Try it: Your task is to copy the records that follow exactly, minus any images.

Data for analysis:
______________________________
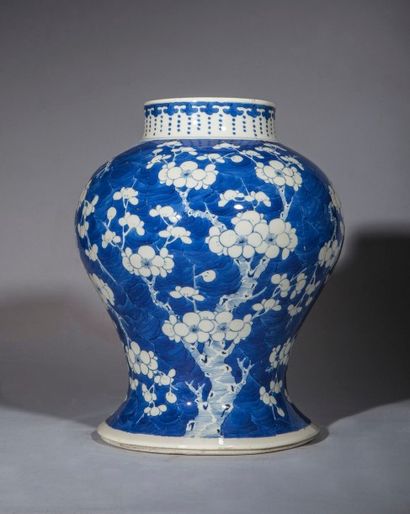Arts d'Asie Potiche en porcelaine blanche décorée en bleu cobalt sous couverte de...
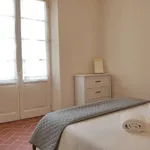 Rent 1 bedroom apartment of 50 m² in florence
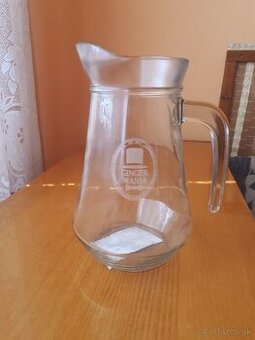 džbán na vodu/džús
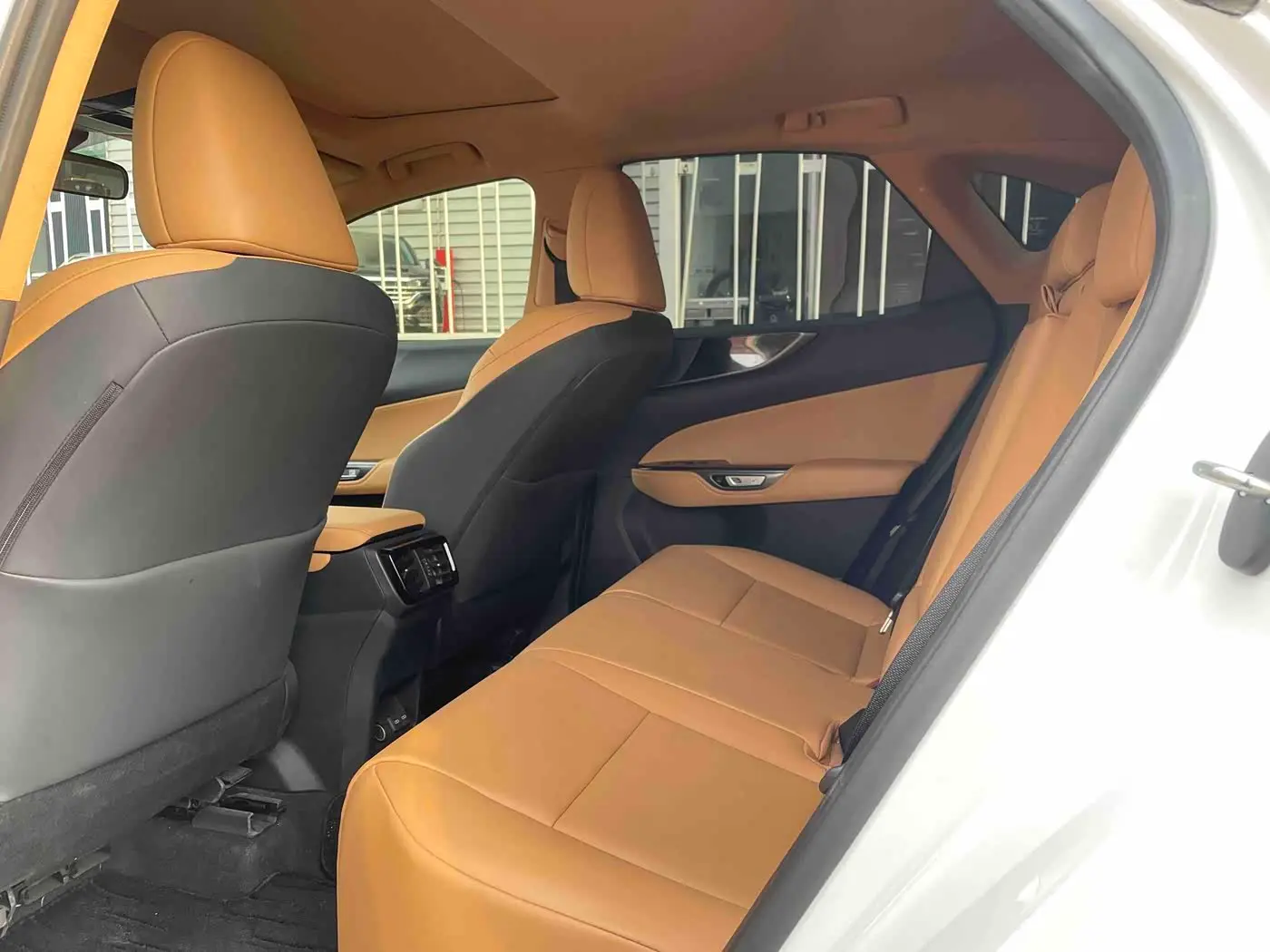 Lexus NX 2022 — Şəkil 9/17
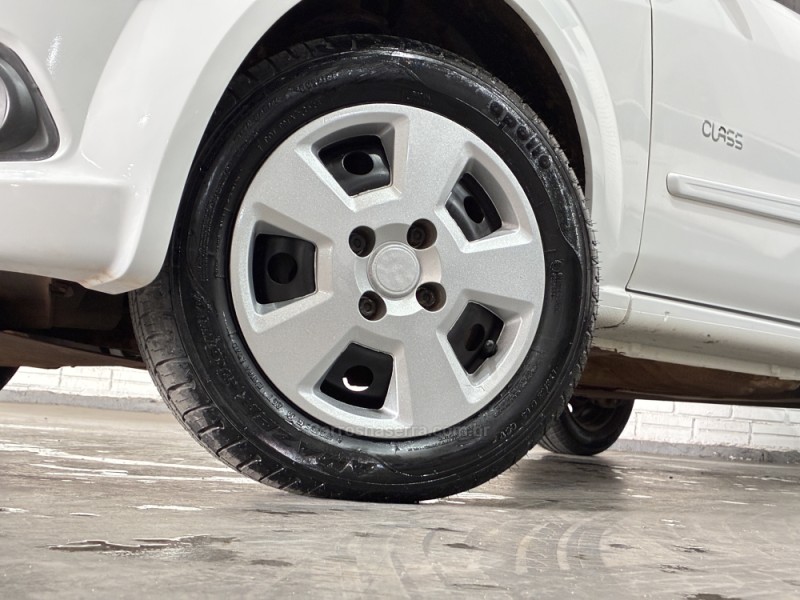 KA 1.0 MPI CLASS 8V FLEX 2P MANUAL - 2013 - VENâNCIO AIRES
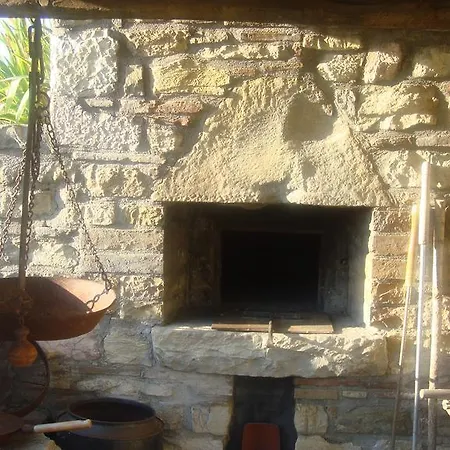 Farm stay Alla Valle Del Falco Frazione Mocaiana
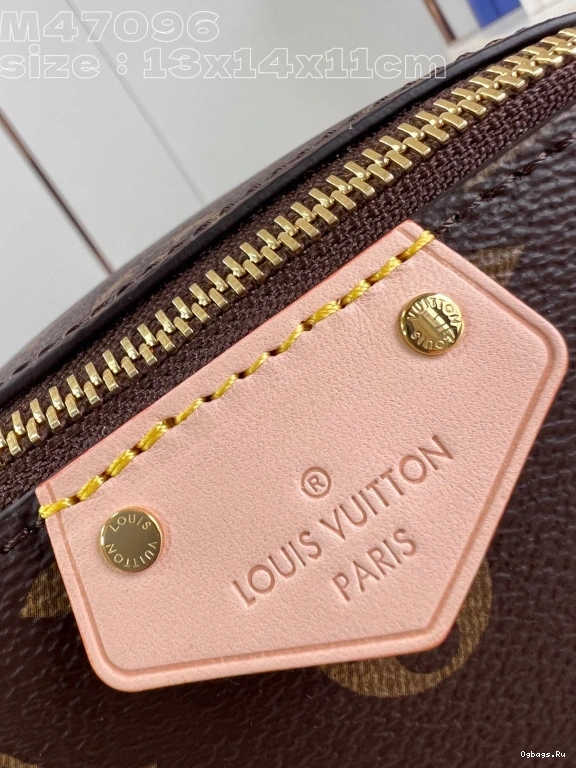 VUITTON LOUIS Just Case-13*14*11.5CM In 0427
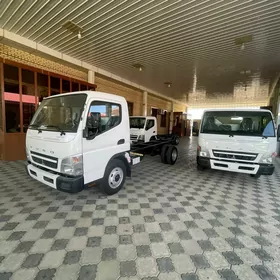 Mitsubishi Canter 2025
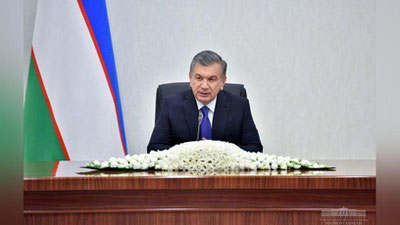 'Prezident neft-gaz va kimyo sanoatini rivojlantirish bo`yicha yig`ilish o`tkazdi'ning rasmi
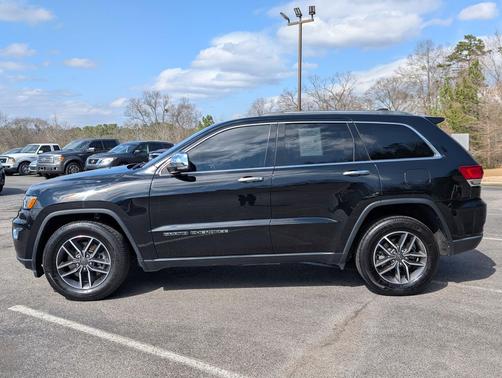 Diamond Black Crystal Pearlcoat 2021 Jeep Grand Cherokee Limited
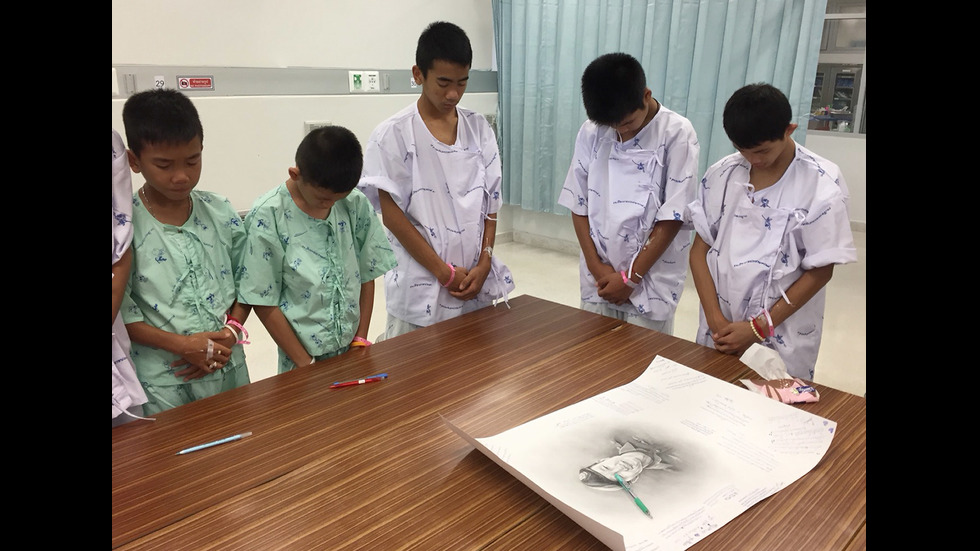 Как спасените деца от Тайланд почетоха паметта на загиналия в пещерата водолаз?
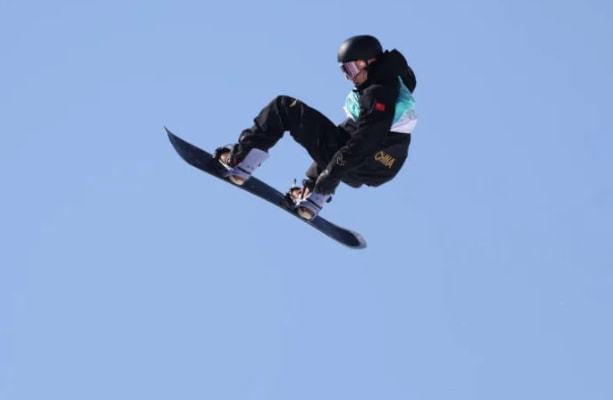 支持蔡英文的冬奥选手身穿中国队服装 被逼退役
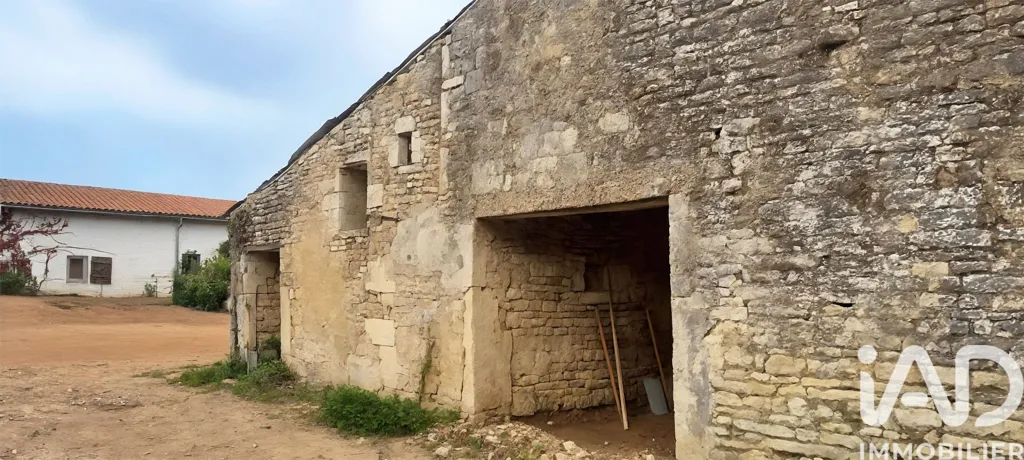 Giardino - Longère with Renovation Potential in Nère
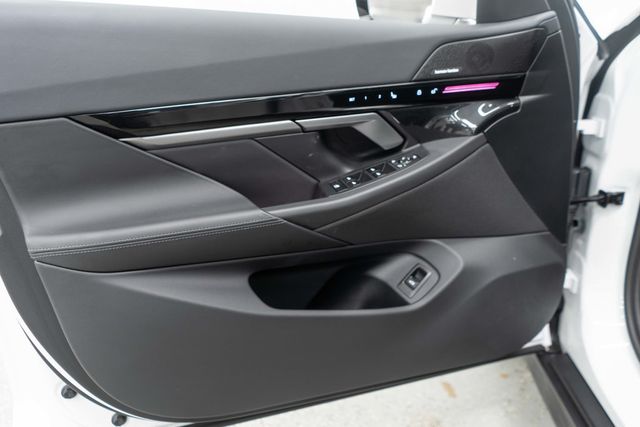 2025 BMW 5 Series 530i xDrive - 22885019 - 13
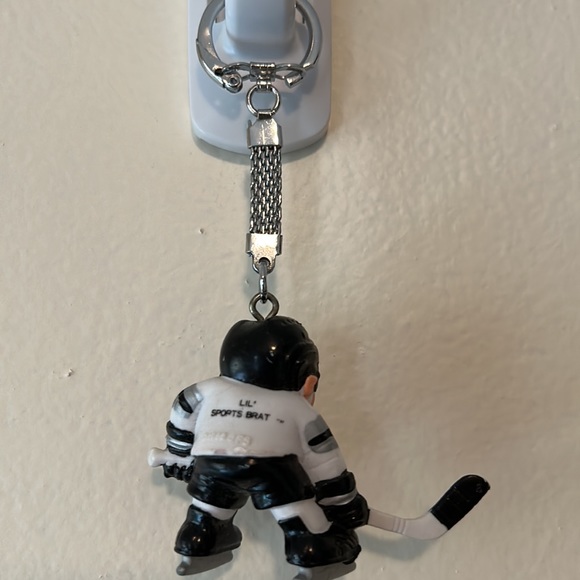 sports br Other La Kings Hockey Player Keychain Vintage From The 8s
______________________________
Problem solution:
Arts d'Asie Potiche en porcelaine blanche décorée en bleu cobalt sous couverte de...
 Rent 1 bedroom apartment of 50 m² in florence
 džbán na vodu/džús
 Lexus NX 2022 — Şəkil 9/17
 KA 1.0 MPI CLASS 8V FLEX 2P MANUAL - 2013 - VENâNCIO AIRES
 Farm stay Alla Valle Del Falco Frazione Mocaiana
 VUITTON LOUIS Just Case-13*14*11.5CM In 0427
 Mitsubishi Canter 2025
 'Prezident neft-gaz va kimyo sanoatini rivojlantirish bo`yicha yig`ilish o`tkazdi'ning rasmi
 Diamond Black Crystal Pearlcoat 2021 Jeep Grand Cherokee Limited
 Как спасените деца от Тайланд почетоха паметта на загиналия в пещерата водолаз?
 支持蔡英文的冬奥选手身穿中国队服装 被逼退役
 Giardino - Longère with Renovation Potential in Nère
 2025 BMW 5 Series 530i xDrive - 22885019 - 13
 sports br Other La Kings Hockey Player Keychain Vintage From The 8s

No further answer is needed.